Maar vandaag herplanten dus. Niet met de plantmachine, daarvoor is driehonderd te weinig, en bovendien zouden dan de al bestaande palen en draden in de weg zitten. Daarom een grote grondboor, diameter 30 cm, met benzinemotor, die zich met groot gemak door de Dremptse rivierklei kan ploegen. Althans, dat was het idee.
 

In werkelijkheid bleek de kleigrond op dit moment toch vrij droog, en ging het maken van de plantgaten met de spade zeker zo makkelijk, en wel zo comfortabel... Hier een nagekomen, zeldzame foto van een plantgat, handgemaakt ;-)



De techniek op deze klei is, of je nu boort of schept: je maakt het gat wat dieper dan nodig, zodat je een beetje rulle grond eerst terug in het gat kunt doen. Dat komt de worteling ten goede.

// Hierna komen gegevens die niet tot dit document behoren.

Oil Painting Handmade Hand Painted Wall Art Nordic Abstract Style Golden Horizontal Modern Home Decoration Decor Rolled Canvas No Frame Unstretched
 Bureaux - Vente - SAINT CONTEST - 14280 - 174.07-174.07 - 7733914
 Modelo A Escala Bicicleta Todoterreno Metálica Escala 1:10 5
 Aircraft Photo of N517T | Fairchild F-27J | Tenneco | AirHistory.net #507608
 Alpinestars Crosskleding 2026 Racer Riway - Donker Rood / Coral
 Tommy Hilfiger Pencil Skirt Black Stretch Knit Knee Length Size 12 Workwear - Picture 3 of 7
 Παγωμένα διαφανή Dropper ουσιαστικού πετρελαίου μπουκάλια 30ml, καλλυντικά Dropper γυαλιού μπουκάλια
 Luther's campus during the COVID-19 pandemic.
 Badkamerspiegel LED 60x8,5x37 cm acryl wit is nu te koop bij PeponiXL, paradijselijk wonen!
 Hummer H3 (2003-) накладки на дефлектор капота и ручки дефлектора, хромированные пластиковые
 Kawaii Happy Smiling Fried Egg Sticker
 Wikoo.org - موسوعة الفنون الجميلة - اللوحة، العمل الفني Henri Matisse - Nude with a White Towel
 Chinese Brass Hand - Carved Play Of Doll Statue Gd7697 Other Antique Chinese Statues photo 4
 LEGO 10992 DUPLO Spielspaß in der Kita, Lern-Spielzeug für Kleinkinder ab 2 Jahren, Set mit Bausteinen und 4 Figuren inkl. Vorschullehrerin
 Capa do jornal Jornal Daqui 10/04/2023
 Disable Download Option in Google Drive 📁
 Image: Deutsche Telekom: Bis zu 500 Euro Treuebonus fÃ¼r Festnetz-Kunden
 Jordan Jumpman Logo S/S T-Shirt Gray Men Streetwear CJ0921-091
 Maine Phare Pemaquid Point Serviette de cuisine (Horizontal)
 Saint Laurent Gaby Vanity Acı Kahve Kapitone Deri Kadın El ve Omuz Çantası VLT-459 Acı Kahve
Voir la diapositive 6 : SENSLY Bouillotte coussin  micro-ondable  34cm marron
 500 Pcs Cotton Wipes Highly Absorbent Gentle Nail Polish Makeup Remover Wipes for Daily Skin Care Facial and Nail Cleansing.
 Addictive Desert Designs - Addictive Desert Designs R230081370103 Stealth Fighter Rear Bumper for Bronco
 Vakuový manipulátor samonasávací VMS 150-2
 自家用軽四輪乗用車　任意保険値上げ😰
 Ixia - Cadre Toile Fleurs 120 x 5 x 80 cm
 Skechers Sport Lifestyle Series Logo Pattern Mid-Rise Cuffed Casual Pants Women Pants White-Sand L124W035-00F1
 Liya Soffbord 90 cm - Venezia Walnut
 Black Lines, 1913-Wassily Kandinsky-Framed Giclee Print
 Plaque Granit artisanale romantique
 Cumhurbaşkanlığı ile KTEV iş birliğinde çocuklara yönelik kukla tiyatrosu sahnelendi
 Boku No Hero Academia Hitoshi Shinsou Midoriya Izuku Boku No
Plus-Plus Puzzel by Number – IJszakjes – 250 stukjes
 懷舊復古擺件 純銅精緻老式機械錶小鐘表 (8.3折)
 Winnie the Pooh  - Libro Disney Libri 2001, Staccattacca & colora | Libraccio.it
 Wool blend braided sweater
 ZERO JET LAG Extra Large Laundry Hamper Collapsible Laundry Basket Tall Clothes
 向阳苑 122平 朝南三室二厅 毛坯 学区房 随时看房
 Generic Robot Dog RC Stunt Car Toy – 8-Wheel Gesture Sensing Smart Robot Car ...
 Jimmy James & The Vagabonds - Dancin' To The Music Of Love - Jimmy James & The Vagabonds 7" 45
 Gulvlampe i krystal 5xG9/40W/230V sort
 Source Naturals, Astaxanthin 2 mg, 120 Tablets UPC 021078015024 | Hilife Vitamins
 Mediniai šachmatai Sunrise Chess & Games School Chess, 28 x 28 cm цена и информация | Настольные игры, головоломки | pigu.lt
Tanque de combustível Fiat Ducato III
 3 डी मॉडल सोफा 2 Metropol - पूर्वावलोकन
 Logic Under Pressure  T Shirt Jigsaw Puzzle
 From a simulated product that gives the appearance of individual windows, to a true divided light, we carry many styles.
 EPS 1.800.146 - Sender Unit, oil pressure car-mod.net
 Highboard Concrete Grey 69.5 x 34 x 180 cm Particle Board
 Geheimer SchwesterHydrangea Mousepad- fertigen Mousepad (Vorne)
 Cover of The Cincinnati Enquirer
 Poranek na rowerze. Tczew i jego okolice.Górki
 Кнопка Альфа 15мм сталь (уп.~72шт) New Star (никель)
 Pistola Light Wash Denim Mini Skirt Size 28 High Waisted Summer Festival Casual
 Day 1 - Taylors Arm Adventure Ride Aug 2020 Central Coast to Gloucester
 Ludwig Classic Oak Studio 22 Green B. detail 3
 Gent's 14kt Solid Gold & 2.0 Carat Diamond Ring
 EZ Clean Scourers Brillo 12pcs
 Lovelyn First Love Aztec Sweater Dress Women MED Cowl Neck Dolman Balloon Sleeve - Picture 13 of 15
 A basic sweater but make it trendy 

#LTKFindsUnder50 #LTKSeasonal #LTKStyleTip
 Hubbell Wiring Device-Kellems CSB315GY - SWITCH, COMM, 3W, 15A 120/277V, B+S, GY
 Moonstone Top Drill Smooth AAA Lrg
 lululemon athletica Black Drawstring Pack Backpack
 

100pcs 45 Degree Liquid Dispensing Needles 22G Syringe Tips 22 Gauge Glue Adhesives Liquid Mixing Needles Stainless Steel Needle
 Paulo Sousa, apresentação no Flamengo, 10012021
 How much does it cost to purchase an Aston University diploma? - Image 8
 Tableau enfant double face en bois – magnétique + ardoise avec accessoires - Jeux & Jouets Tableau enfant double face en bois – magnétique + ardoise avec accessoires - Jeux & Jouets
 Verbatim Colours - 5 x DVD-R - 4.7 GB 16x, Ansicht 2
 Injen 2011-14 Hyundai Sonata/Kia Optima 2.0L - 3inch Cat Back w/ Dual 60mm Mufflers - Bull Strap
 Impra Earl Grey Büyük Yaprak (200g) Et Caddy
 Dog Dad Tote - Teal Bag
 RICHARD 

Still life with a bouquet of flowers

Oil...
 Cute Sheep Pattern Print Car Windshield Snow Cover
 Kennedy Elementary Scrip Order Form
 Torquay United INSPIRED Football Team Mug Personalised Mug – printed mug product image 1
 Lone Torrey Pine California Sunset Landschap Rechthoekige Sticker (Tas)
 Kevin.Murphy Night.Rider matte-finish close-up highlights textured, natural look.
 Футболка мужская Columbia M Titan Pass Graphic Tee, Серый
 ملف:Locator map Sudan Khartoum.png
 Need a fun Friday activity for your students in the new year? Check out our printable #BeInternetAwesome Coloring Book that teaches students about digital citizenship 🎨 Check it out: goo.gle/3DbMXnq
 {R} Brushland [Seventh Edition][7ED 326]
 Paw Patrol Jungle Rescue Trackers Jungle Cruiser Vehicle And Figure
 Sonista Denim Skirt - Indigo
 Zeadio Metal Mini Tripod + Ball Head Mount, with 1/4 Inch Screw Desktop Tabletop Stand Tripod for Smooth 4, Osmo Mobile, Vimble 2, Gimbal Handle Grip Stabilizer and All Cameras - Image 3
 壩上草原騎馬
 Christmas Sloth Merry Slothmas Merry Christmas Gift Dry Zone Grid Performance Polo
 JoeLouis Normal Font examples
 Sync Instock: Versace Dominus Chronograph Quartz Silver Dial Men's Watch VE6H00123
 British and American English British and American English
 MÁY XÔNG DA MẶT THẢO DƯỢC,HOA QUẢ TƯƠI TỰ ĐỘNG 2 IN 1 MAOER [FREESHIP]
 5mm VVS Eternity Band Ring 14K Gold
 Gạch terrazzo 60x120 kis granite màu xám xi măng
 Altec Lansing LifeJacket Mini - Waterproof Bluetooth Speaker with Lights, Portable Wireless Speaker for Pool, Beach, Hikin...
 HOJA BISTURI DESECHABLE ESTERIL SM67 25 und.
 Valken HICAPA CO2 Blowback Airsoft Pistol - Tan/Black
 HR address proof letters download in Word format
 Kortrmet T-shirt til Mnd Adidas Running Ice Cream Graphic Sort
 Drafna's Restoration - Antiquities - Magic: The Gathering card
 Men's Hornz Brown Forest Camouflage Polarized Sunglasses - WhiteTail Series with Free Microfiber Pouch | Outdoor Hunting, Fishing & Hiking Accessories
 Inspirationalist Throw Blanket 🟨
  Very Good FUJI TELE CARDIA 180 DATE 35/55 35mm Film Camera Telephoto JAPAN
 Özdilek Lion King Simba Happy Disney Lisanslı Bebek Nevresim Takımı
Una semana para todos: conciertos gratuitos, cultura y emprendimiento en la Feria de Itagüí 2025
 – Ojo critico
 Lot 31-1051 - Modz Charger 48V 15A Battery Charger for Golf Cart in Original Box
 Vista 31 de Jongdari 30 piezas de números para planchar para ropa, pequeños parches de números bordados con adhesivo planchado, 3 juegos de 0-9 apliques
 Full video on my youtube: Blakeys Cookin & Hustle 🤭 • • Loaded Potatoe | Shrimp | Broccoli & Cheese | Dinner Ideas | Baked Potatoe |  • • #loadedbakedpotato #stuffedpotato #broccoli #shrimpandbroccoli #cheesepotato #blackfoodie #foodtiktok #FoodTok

Ook is zeer van belang - maar dat geldt voor alle grondsoorten - dat de wortels niet aan de randen van het pantgat naar boven krullen bij het planten. De stok een draai geven, tussen de vingers, maakt in zo'n geval dat de wortels iets gedraaid maar wel horizontaal in het plantgat gaan liggen. Waar dit euvel dreigt kun je overigens beter grotere plantgaten maken, of desnoods de wortels nog iets bijknippen, tot zo'n 10 cm lengte. De stokken vóór het planten eerst een nacht in water, om ze goed vocht te laten opnemen.


Net boven de grond

De planten, de bewortelde stokken, worden niet te hoog geplant: de ent net boven de grond is goed. Je kunt bij het planten een lat midden over het plantgat leggen, om te kunnen zien hoe hoog of laag de ent boven maaiveld zal komen. Je plant vrij laag bij de grond, omdat er in de loop der jaren een groot verschil kan groeien tussen de dikte van de onderstam (die vrij dun blijft) en die van de edele druif, in dit geval de Souvignier Gris, die vele malen dikker worden kan. Bij te hoge planting zou de druif na een jaar of tien, onder het gewicht van een volle loofwand in de zomer, door zijn hoeven, d.w.z. zijn dunne onderstam kunnen zakken en kapot gaan.


Dauwwortels
Iets dieper planten heeft nog een ander groot voordeel. Als je de bewortelde stok bekijkt die de onderstam is, blijkt dat die in ongeveer het midden meestal een zichtbare verdikking heeft: een knoop in de twijg die voor de onderstam gebruikt werd. Deze verdikking, deze knoop, is behoorlijk belangrijk, omdat juist daar een horizontale krans van zogenaamde 'dauwwortels' uit groeien gaat, zo'n 25 cm onder de grond. En de naam zegt het al: als de plant, vooral in zijn jongere jaren met droogte te maken krijgt, kunnen juist deze ondiepe wortels veel eerder gebruikmaken van het vocht van dauw, of van een schaarse regenbui. Bovendien, als je een bemesting strooit, bijvoorbeeld stikstof, zeg koemest(korrels), of magnesium en/of kali, ijzer, of wat ook: ook nu zijn de dauwwortels er het eerste bij om het gebodene op te nemen. Op de volgende foto een paar bewortelde stokken, vóór het planten: let op de verdikkingen, de knopen, midden op het onderstammetje.


Niet te vroeg
Planten zijn vaak beschikbaar vanaf de laatste week april. Het duurt een dag of veertien vóór de eerste rode puntjes door de entwas heen komen - het eerste levensteken van de plant. Wanneer dit moment nog dik in de ijsheiligen valt (zo tot 15-16 mei), loop je onnodig risico op late nachtvorst op klomp- of enthoogte. Planten (of ophalen van de stokken) doe je daarom het liefst een paar dagen in mei. Wanneer je dan veertien dagen verder bent is het vorstgevaar gewoonlijk geweken.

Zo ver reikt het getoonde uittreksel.